Euphorbia ‘Breathless’ is an excellent bed filler staying compact at 40cm but with a 60cm spread. It provides a mist of tiny white flowers from spring through to winter, when it dies down but comes back in spring. It grows best in full sun and needs little care.
A royal flush
Regal pelargoniums flower best in spring and autumn but will flower through winter too if sheltered from cold weather and receive plenty of sun.
‘Novita’ is upright growing and shrubby, with small, serrated leaves and an abundance of medium-sized flowers in vivid colours; purple, red, violet, dark red with a purple eye, and a pink bicolour. The plant is dense and compact. Plant in well drained fertile soil and let the soil slightly dry out before watering. It is also a good container plant. Trim bushes to retain their neat shape.

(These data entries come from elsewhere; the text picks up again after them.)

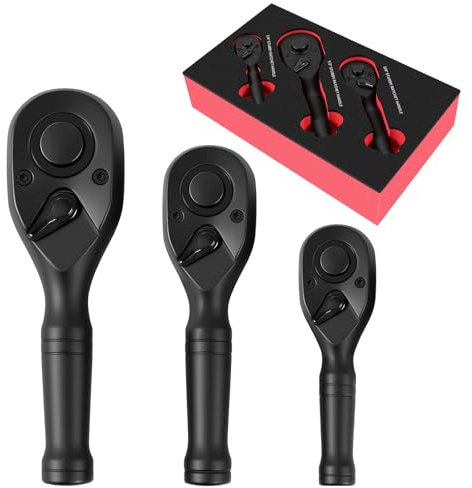DikTalk 3-Piece Stubby Ratchet Set 1/4 3/8 1/2 Drive, 72-Tooth Black Finish, Quick Release & Reversible, CR-MO Steel with Non-Slip Grip for Tight Spaces, Includes EVA Case, Automotive DIY Tools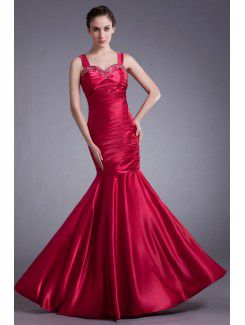 Satin Straps Sweep Train Mermaid Embroidered Prom Dress
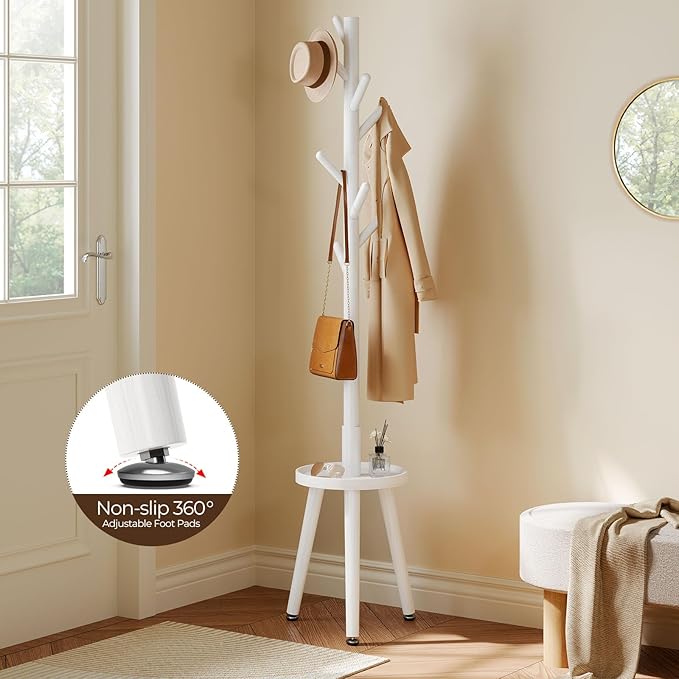 GREENSTELL Coat Rack with 8 Hooks, Wooden Coat Rack Freestanding with Shelf, Coat Tree with 4 Height Options 50.5"-72.6", Coat Hanger Stand for Bags, Clothes, Umbrellas, Hats, in Home, White-NeatNest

How to get the best from your perennials
- Because perennials remain in the same soil for about four to five years, they need a good foundation. Prepare the soil well, adding plenty of organic matter, compost, bonemeal and a general fertiliser (organic if possible) and dig it over deeply.
- Water regularly and fertilise in spring and midsummer.
- After flowering, cut stems down to the ground. This encourages new growth and in some cases a new flush of flowers.
- Mulch with a thick layer of compost because this continues to feed the soil and keeps the roots cool.
- The appearance of smaller and fewer flowers is usually the signal to divide. The best time to divide is after they have flowered.